Moreover, as both the CARDiOGRAM and C4D groups stress, it is becoming apparent as increasing numbers of CAD-associated genes are identified, that any heritable risk for CAD is likely to be the result of multiple alleles. “The effect sizes of previously unidentified CAD-associated genes discovered by GWAS have become progressively smaller, suggesting that there may not be large-effect common variants remaining to be discovered, but rather that a large number of common variants of small effect may contribute to CAD risk,” the C4D researchers conclude.
C4D was chaired by Hugh Watkins M.D., at the department of cardiovascular medicine, The Wellcome Trust Centre for Human Genetics, University of Oxford, U.K. The resulting Nature Genetics paper is titled, “A genome-wide association study in Europeans and South Asians identifies five new loci for coronary artery disease.”
The third study published in Nature Genetics is claimed to be the first GWAS for CAD specifically in the Chinese Han population. The study was led by Xin Tu and Qing K. Wang, at the Key Laboratory of Molecular Biophysics of the Ministry of Education, Cardio-X Institute, College of Life Science and Technology and Center for Human Genome Research, Huazhong University of Science and Technology, Wuhan, China. The published paper is titled “Genome-wide association identifies a susceptibility locus for coronary artery disease in the Chinese Han population.”
The researchers’ three-stage GWAS identified a new association between CAD risk and a SNP designated rs6903956 in a putative gene denoted as C6orf105 on chromosome 6p24.1. They note that although the two discovery populations used for the first stage of their GWAS were small compared with most recent GWAS for CAD in populations of European ancestry, the study did encompass independent discovery populations from two geographically different regions of China. The selected SNPs from the discovery populations were then validated in a central China population of 572 cases and 436 controls, and positive SNPs from this validation study were subsequently replicated in three independent populations.
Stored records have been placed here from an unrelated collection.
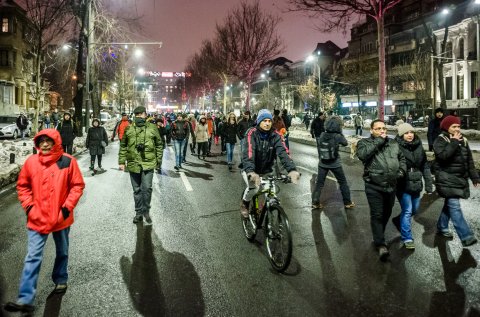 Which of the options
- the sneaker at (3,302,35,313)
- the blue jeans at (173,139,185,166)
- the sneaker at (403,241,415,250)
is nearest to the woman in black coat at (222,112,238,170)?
the blue jeans at (173,139,185,166)

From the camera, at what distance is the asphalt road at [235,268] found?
4012mm

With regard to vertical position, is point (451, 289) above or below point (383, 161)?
below

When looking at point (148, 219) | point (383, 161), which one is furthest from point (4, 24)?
point (383, 161)

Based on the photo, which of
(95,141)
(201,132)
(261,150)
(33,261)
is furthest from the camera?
(201,132)

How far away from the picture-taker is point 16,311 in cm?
388

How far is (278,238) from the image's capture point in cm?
502

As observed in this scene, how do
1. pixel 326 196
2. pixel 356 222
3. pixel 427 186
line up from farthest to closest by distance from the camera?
pixel 326 196 < pixel 356 222 < pixel 427 186

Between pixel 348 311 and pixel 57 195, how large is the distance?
2810 millimetres

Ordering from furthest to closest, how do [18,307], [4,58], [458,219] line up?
[4,58] < [458,219] < [18,307]

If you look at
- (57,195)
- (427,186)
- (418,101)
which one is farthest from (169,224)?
(418,101)

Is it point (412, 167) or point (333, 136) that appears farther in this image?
point (333, 136)

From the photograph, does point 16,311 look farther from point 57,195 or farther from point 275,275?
point 275,275

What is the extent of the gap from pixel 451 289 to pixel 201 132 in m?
13.1

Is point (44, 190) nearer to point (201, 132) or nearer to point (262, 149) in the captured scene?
point (262, 149) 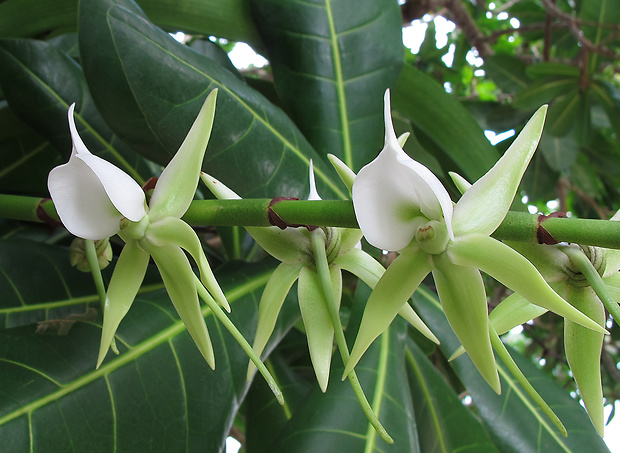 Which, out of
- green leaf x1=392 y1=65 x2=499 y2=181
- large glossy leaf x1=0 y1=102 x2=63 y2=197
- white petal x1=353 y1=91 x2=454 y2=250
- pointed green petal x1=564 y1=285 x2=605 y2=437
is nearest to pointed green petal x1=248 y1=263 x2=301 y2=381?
white petal x1=353 y1=91 x2=454 y2=250

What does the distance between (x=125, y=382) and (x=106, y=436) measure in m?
0.06

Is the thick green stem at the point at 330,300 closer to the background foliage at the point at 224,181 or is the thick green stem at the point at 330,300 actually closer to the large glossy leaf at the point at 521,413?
the background foliage at the point at 224,181

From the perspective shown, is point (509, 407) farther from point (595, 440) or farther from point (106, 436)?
point (106, 436)

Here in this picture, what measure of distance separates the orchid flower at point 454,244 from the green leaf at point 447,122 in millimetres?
839

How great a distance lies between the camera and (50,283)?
0.79 m

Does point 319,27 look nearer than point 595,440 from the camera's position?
No

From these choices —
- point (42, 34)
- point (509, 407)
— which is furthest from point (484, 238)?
point (42, 34)

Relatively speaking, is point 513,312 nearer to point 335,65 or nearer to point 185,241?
point 185,241

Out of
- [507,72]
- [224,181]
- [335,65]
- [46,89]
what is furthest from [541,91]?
[46,89]

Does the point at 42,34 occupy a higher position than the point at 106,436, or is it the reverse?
the point at 42,34

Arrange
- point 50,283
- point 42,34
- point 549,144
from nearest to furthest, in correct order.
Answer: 1. point 50,283
2. point 42,34
3. point 549,144

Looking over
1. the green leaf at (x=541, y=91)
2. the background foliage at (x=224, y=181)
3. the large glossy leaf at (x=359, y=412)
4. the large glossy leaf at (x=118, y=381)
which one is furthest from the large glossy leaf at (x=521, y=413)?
the green leaf at (x=541, y=91)

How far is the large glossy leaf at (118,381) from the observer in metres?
0.52

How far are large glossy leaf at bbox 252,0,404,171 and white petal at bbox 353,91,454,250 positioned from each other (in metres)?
0.66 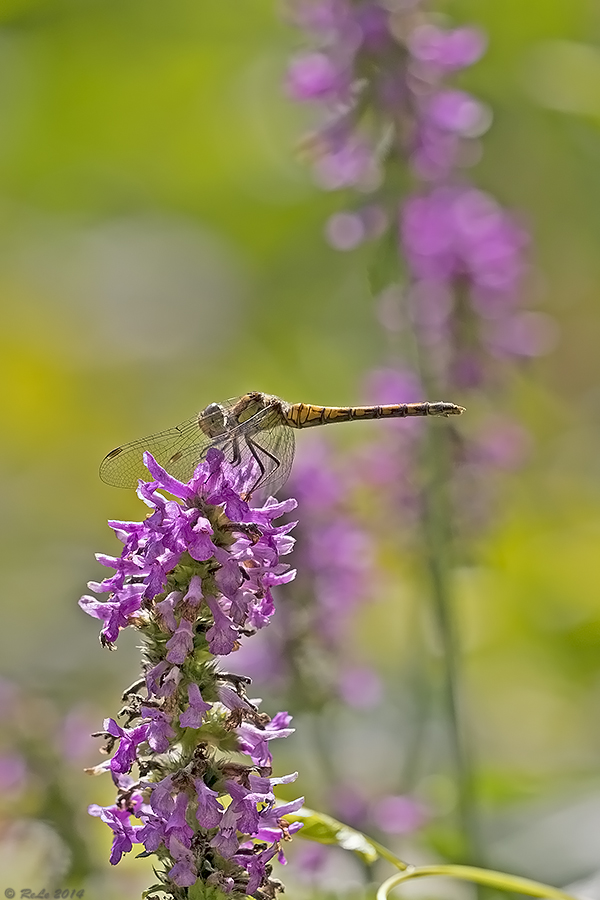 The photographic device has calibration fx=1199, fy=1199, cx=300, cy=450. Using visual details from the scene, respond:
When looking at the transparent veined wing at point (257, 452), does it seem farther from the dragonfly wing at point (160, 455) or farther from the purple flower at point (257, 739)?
the purple flower at point (257, 739)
rs6903956 was found to demonstrate a significant association with CAD in all three of these populations. This association was still significant after adjustment for other known statistically significant covariates, the authors note. Significantly, the locus has not previously identified rs6903956 as a susceptibility locus in earlier GWAS in populations of European ancestry, they add. “Thus, the association between rs6903956 and CAD may be limited to the Chinese population and might not be able to be extrapolated to other ethnic populations.”
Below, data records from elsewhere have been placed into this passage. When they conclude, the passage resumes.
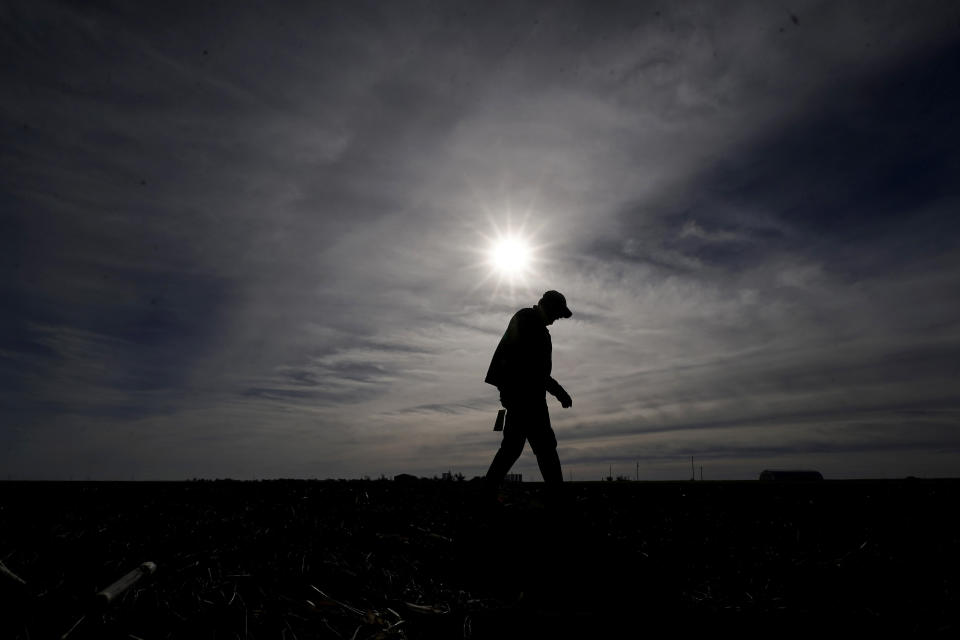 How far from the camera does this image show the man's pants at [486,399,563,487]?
579cm

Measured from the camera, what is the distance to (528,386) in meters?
5.99

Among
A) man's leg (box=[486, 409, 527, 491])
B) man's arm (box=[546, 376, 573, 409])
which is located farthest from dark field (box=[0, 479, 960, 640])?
man's arm (box=[546, 376, 573, 409])

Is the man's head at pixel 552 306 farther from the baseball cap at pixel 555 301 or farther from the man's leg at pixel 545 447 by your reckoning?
the man's leg at pixel 545 447

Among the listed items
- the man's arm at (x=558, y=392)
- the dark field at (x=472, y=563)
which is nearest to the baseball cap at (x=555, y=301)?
the man's arm at (x=558, y=392)

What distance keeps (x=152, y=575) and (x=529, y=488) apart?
562 centimetres

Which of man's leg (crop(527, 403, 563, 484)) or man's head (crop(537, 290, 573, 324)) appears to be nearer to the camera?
man's leg (crop(527, 403, 563, 484))

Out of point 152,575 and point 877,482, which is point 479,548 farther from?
point 877,482

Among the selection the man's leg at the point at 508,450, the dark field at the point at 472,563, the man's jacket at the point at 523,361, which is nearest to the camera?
the dark field at the point at 472,563

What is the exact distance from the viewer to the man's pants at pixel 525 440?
579cm

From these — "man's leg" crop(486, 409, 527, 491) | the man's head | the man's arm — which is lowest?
"man's leg" crop(486, 409, 527, 491)

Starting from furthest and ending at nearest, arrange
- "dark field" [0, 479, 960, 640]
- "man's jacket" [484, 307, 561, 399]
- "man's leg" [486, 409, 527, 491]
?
"man's jacket" [484, 307, 561, 399], "man's leg" [486, 409, 527, 491], "dark field" [0, 479, 960, 640]

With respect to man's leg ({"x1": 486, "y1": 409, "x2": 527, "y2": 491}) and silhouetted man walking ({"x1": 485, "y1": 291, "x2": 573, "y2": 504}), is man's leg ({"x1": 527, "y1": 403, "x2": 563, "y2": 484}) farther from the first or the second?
man's leg ({"x1": 486, "y1": 409, "x2": 527, "y2": 491})

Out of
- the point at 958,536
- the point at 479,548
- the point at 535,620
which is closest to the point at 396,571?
the point at 479,548

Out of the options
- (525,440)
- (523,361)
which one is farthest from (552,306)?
(525,440) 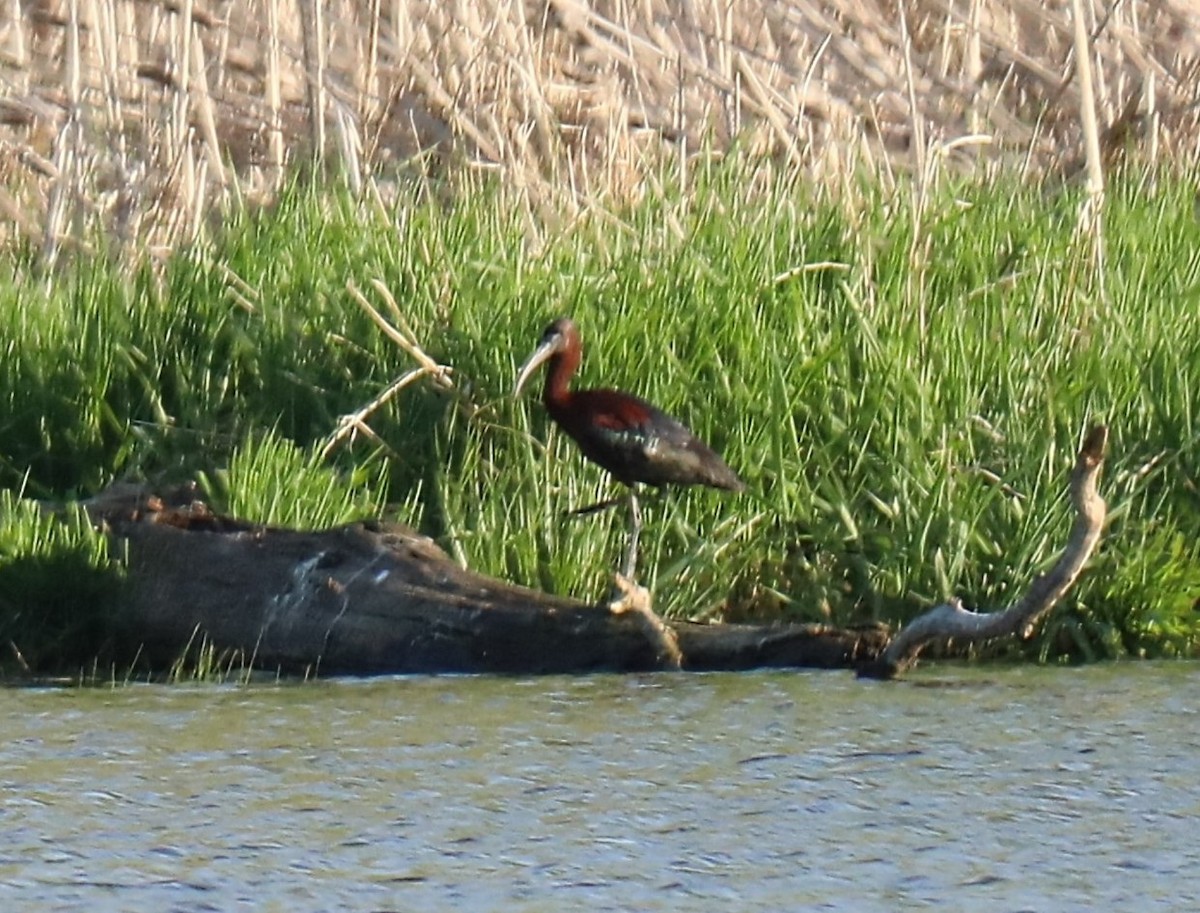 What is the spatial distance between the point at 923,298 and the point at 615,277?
0.87m

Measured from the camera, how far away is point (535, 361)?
230 inches

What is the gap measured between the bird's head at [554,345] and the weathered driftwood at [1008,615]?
123cm

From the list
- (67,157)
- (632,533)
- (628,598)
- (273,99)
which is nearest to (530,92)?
(273,99)

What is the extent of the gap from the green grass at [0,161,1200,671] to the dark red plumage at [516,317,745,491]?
0.21m

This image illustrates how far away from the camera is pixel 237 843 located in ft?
12.5

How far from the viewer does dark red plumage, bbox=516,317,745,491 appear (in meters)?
5.51

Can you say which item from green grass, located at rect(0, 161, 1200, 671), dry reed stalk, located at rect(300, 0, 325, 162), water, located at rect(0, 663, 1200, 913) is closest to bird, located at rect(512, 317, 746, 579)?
green grass, located at rect(0, 161, 1200, 671)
The Chinese researchers suggest that although the function of C6orf105 is unknown, expression studies also indicate that decreased expression of C6orf105 may be a possible pathogenic cause of CAD. C6orf105 was found to share 33% identity and 51% homology with human androgen-inducible gene 1 product (AIG-1). However, as they admit, “AIG1 expression can be induced by androgen, but little is known about the function of AIG1 ... Further studies may be needed to identify the true causative variant(s) for CAD at this new 6p24.1 CAD locus.”